From donator +‎ -ess.

Noun[edit]

donatress (plural donatresses)

  1. A female donator.
    • 1902, The Athenæum, page 388, column 3:
      The gallery at Brussels has, by-the-by, recently acquired a small Madonna which is palpably by the same hand as the donatress at Bruges and the Moulins altarpiece.
    • 1903, Thomas Watson Duncan, transl., Bruges-la-Morte: A Romance, Swan Sonnenschein & Co., translation of Bruges-la-Morte by Georges Rodenbach, 1892, pages 263–264:
      In contemplating the triptychs and altar-screens, Hughes dislodged from his mind the opulence of their colouring and the glow of their romance for the sake of realizing more vividly the pathos that emanated from the figures of the donators standing with folded hands, and the donatresses with their cornelian eyes, of whom no memory survived save that of these portraits.
    • 1915, Frank Jewett Mather, Three Early Flemish Tomb Pictures, Frederic Fairchild Sherman, page 268:
      In Flanders the donor was usually sinister, as in the Martin Nieuwenhove diptych, the Fogg diptych, and Mr.

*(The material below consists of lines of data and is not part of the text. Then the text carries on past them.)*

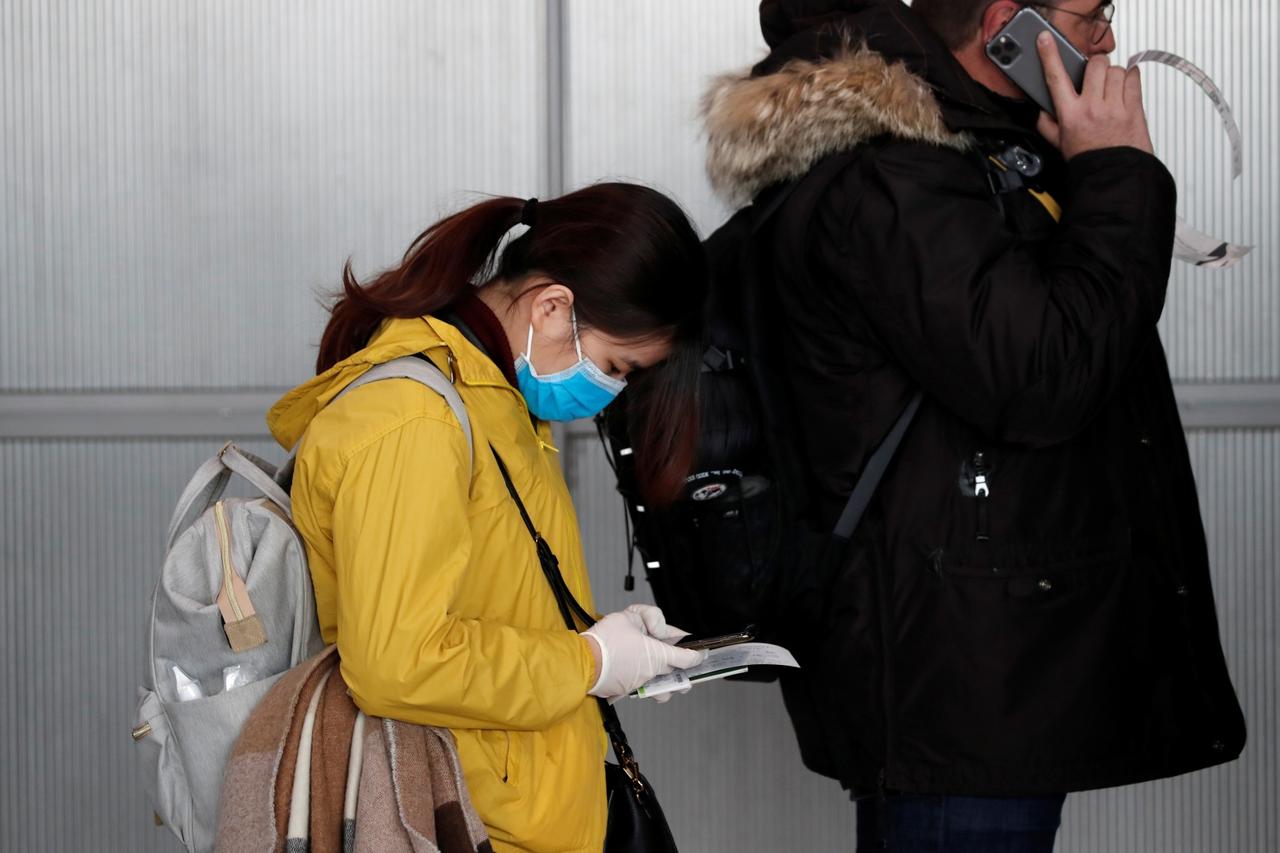 A woman wearing a protective face mask lines up at the Air France ticketing desk inside Terminal 2E at Paris Charles de Gaulle airport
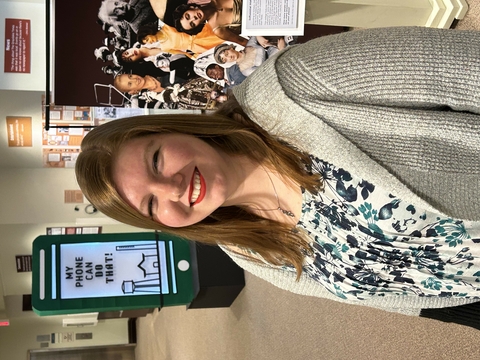 Katie Brethorst standing in the Grayslake Heritage Center and Museum smiling at the camera.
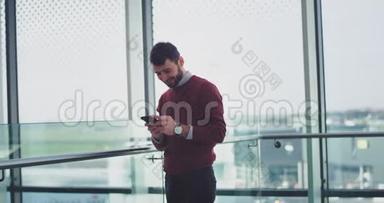 快乐的商业工作者站在一个大窗户旁边，同时在他的智能手机里输入一些东西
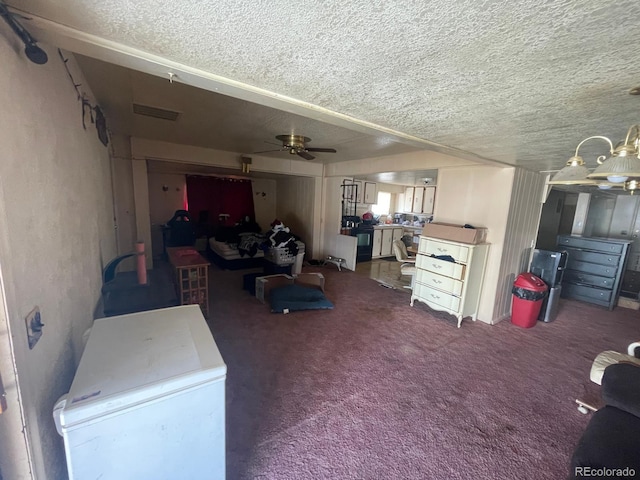 189 13th Ave, Cedaredge, CO 81413 - living room with a ceiling fan, visible vents, carpet floors, and a textured ceiling
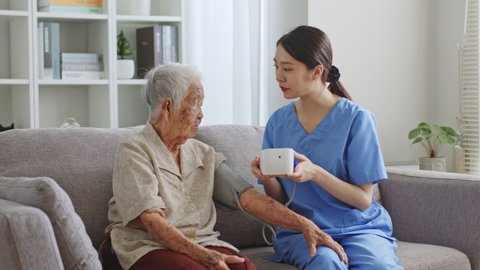 Young Asian woman, nurse, caregiver, carer of nursing home checking blood pressure measurement with senior Asian woman at home, nursing home concept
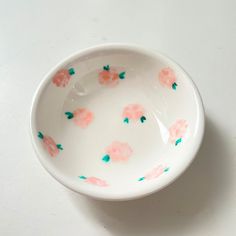 a white bowl with pink flowers painted on it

Philip Lehman’s panel (Fig. 3) of a Donatress with St. Anne and the Virgin.
    • 1997 March 9, Helen, “Ordered yours yet?”, in uk.adverts.personals (Usenet), message-ID <u8CdAsAqaqIzIwKP@elmsoft.demon.co.uk>:
      The portfolio will be emailed to you, zipped, beginning March 10th and will include Thanks.Txt, a list of all the donatresses (either their email addresses, their names, or an alias - some of us are shy!)